I’m in the weird position
of trying to dismantle my own sexuality
or not my sexuality but rather
the reputation assigned me because of it
I want to make the point
that I can be open about the topic
write poetry all about it
share what I want when I want but
that doesn’t make you entitled
to make jokes or assumptions or commentary
& being sexual doesn’t mean I want to have sex
with everyone, all the time
it just means I want to break the taboos
which lead to communication issues & a
lack of understanding
& why should I hide something that makes me
happy, & empowered
or should do theoretically
yet lately I’ve swallowed so many thoughts on the matter
cos I got traumatised by everyone calling me a whore
& I don’t wanna talk about it
not here, not with you
not on anything that’s not my own terms
it’s not your business unless I want it to be
& don’t you understand you’re wrong about me
you’re missing half the story
years of pain & regret & discomfort
followed by a seven-month celibacy & sexual ascension
a power I never felt before
don’t you understand I’m not seventeen anymore
desperate for validation
skipping over respect
don’t you understand I’m a woman now
& you can get the fuck out of my bed unless you’re
blessing it.
Devon Webb is a 25-year-old writer based in Aotearoa New Zealand.
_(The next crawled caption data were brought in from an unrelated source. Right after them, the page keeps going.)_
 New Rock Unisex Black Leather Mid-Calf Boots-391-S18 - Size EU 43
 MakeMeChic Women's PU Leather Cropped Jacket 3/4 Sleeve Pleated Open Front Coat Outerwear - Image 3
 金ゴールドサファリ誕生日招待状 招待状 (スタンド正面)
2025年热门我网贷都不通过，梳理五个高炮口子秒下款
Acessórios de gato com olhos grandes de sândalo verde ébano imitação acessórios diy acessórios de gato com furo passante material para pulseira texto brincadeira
She writes full-time, exploring themes of femininity, youth & neurodivergence. She shares her poetry online, through live performance, & has been widely published both locally & internationally. She is the two-time Wellington Slam Poetry Champion & is currently working on the final edits of her debut novel, The Acid Mile. Her work can be found on Instagram, Twitter & TikTok at @devonwebbnz.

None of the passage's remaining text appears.